For now, limitless cash continues to deprave state politics. (Clear Virginia’s subsequent trigger might be campaign-finance reform.) However this old school story has some wider political implications. Fight company cash, and elected officers could also be extra more likely to vote within the public curiosity. Argue about monopoly and corruption as a substitute of race and sexuality, and unlikely allies will work collectively to unravel issues. “On the finish of the day, financial safety trumps culture-war points,” Gilmore mentioned. “In the event you ask a rural Republican household, ‘Would you fairly have extra money in your pocket or go to an anti-trans rally?,’ they’re going to decide on financial safety.” Perriello put it this manner: “Whichever get together is ready to present that it’s combating for the on a regular basis particular person in opposition to rigged methods goes to win.”

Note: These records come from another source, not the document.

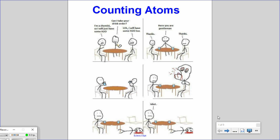In this video we will cover counting atoms, which can be the important difference between ordering water and ordering hydrogen peroxide. Like this unfortunate individual who orders H2O but gets H2O2 — something completely different. He drinks his hydrogen peroxide and doesn't react well to it, and the other guy has no sympathy because obviously he didn't know how to count atoms.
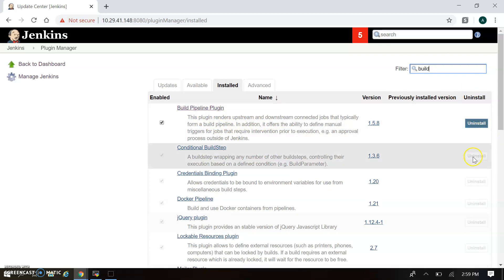Now if you want to uninstall you can do it here. So this is the way how we install the plugin in Jenkins.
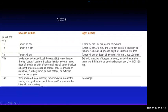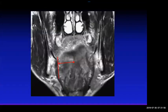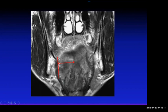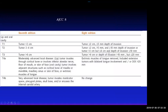Depth of invasion is a new concept. You draw a straight line along the lateral margin of the tongue, then draw a line perpendicular to that — that horizontal measurement is the depth of invasion. It can be less than 5 mm, between 5 and 10 mm, or more than 10 mm. If it's more than 20 mm it becomes T4A.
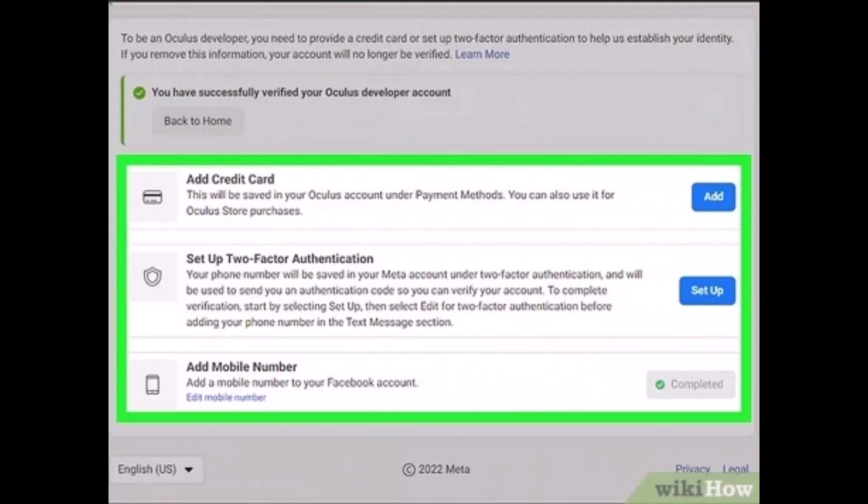The last step is to verify your account. To do this, go to developer.oculus.com/manage/verify - I'll make sure to leave the link in the description box. Then either add a credit card or enter the code received via text to confirm your mobile number. And that's all it takes to sign up for developer options.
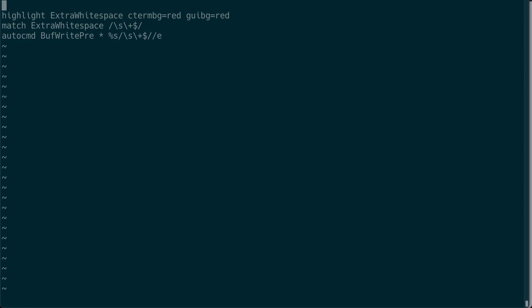These are the three lines. You can see it defines what white spaces are and highlights those white spaces as red. The third line says before you write a buffer, before you write the file to disk, remove them.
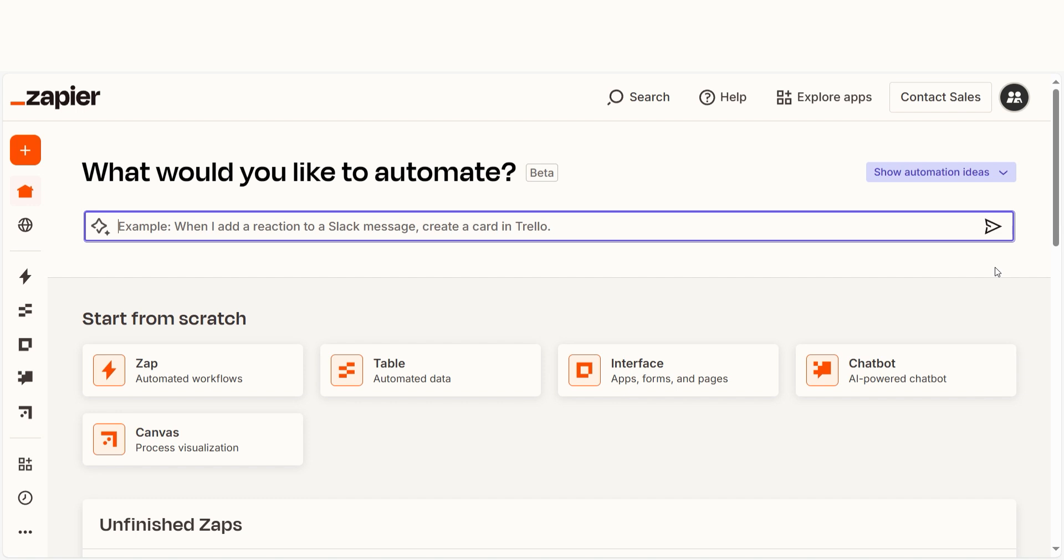In order to get started with this workflow, I need to create a Zap. In Zapier, a Zap is a simple way to connect to different apps and make them work together automatically.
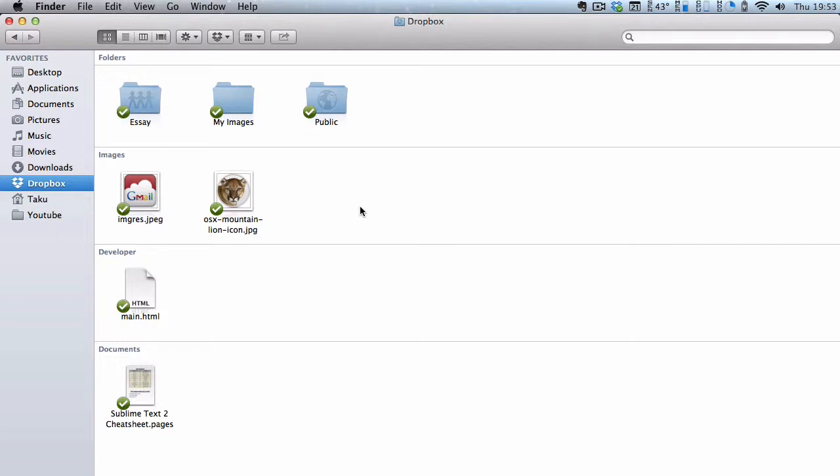Hey guys, in this video we are going to be automatically starting uTorrent using Dropbox or downloading uTorrent files remotely through Dropbox.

I need to imagine that is true, however I don’t know that it’s. American politics over the previous few many years says in any other case, and the script of the following election is already soul-killingly acquainted: Republican candidates compete to excite their voters by crushing the “woke” left, whereas Democrats cry foul and play alongside. However an election modeled on the Dominion battle, about an economic system that consolidates ever extra money and energy in ever fewer arms—that will be an election value having.